Top of RECORDED DATA
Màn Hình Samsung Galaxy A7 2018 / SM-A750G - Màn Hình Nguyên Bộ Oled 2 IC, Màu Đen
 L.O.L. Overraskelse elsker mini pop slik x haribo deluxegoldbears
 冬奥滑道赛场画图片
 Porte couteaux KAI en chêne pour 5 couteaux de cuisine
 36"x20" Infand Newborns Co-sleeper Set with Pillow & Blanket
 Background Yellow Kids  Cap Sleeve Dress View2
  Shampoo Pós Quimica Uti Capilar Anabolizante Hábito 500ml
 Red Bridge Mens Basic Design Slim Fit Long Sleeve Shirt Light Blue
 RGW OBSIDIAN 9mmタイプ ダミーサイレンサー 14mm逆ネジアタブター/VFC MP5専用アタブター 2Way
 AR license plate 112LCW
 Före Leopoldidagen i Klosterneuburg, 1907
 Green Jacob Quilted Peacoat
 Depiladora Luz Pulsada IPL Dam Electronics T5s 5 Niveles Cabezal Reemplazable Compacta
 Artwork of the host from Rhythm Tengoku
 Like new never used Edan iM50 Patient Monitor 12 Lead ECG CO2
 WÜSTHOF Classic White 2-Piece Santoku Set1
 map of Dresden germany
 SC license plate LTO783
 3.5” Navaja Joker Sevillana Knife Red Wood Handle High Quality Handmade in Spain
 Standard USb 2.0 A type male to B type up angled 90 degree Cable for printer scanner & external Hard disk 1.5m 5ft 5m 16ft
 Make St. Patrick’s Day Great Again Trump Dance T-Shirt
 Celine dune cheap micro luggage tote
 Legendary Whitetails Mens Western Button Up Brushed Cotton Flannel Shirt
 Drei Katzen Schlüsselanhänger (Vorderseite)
Bottom of RECORDED DATA
* _YOUR INSTRUCTIONS_
Every entry above needs to be written out again exactly.

* _WRITTEN ANSWER_
Màn Hình Samsung Galaxy A7 2018 / SM-A750G - Màn Hình Nguyên Bộ Oled 2 IC, Màu Đen
 L.O.L. Overraskelse elsker mini pop slik x haribo deluxegoldbears
 冬奥滑道赛场画图片
 Porte couteaux KAI en chêne pour 5 couteaux de cuisine
 36"x20" Infand Newborns Co-sleeper Set with Pillow & Blanket
 Background Yellow Kids  Cap Sleeve Dress View2
  Shampoo Pós Quimica Uti Capilar Anabolizante Hábito 500ml
 Red Bridge Mens Basic Design Slim Fit Long Sleeve Shirt Light Blue
 RGW OBSIDIAN 9mmタイプ ダミーサイレンサー 14mm逆ネジアタブター/VFC MP5専用アタブター 2Way
 AR license plate 112LCW
 Före Leopoldidagen i Klosterneuburg, 1907
 Green Jacob Quilted Peacoat
 Depiladora Luz Pulsada IPL Dam Electronics T5s 5 Niveles Cabezal Reemplazable Compacta
 Artwork of the host from Rhythm Tengoku
 Like new never used Edan iM50 Patient Monitor 12 Lead ECG CO2
 WÜSTHOF Classic White 2-Piece Santoku Set1
 map of Dresden germany
 SC license plate LTO783
 3.5” Navaja Joker Sevillana Knife Red Wood Handle High Quality Handmade in Spain
 Standard USb 2.0 A type male to B type up angled 90 degree Cable for printer scanner & external Hard disk 1.5m 5ft 5m 16ft
 Make St. Patrick’s Day Great Again Trump Dance T-Shirt
 Celine dune cheap micro luggage tote
 Legendary Whitetails Mens Western Button Up Brushed Cotton Flannel Shirt
 Drei Katzen Schlüsselanhänger (Vorderseite)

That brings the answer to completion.